Dans les musées, nous préférons regarder les femmes que les peintures.

En art, comme dans la vie, on a besoin de vérité, pas de sincérité.
L’éthique gifle la morale comme la foi se doit de vomir l’espoir, ils ne sont pas compatibles.
Vos doutes ne sont pas les nôtres.
Nous n’avons que cette certitude que vous nommez égoïsme.
L’égoïsme (au même titre que l’individualisme, le dadaïsme, le situationnisme, ou n’importe quel « isme ») ne vaut que s’il est partagé.

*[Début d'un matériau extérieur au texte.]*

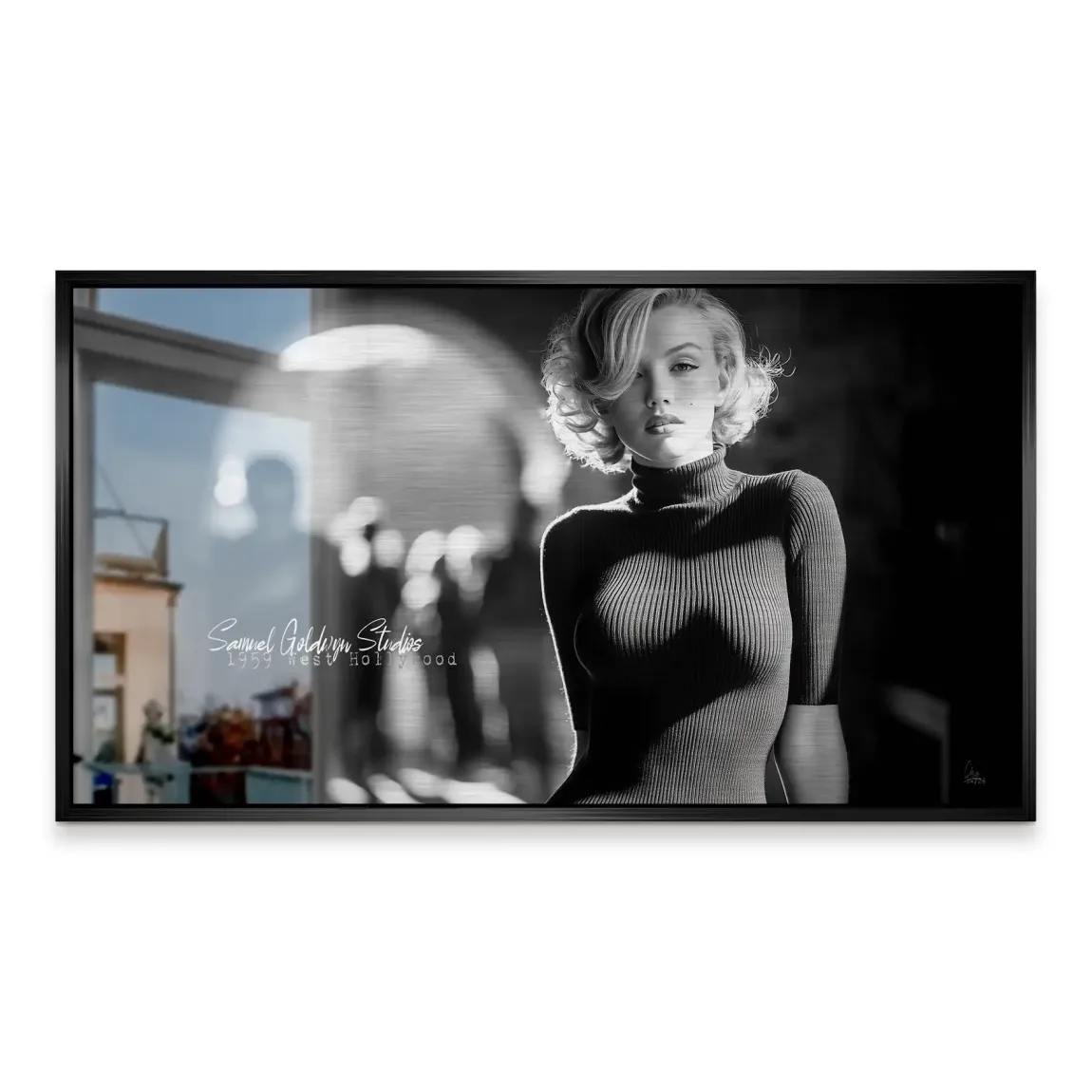 Marilyn Monroe Studio Aluminiumbild gebürstet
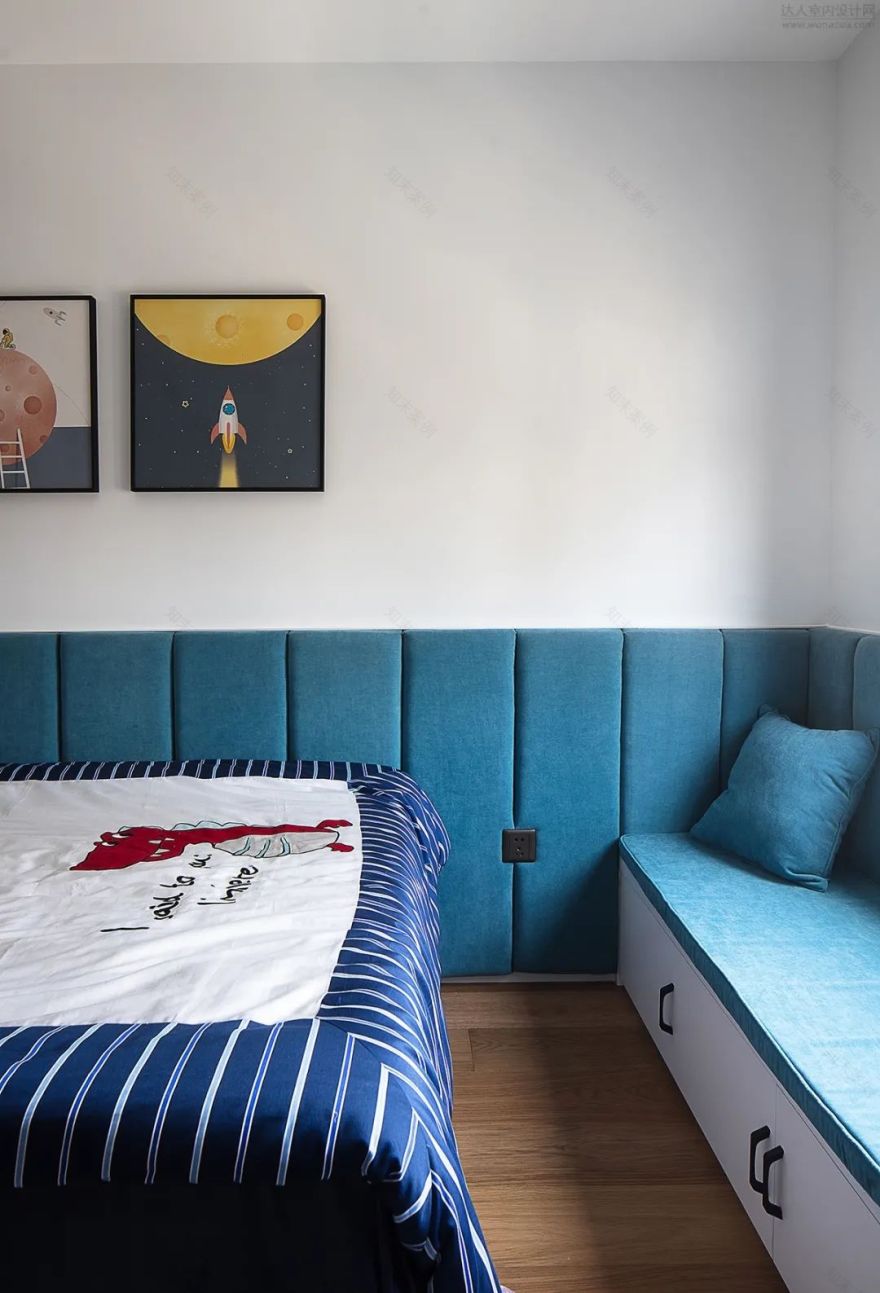 优雅时光 | 160㎡摩登私宅,艺术与生活的完美对话-73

À l’imitation, nous préférons l’original. Il vend mieux!
Ainsi nous préférerons Coca à Pepsi, le tatouage au body art, les tricheurs aux menteurs, Elle à Art Press, et Hustler à Purple, ils avancent à visage découvert.
L’authenticité, d’aussi mauvais goût soit-elle, finit toujours par payer.
Nous croyons au mauvais goût du public dans la durée. Lui seul à une chance de changer le monde.
Il faut s’assumer tel qu’on est avant de vouloir changer le monde.

Cette société du spectacle qui est la vôtre ne nous intéresse que dans la mesure où elle nous fait perdre notre temps.
«Perdre son temps est aujourd’hui la seule façon d’être libre».
«Il faut donner du sens au sens».
«Être invisible est l’unique alternative qui soit laissée à l’art posthume pour lutter contre la société du spectacle».
Nous ne serons invisibles que pour mieux vous aveugler.
«L’art posthume est notre anti-matière comme la matière fait l’art contemporain».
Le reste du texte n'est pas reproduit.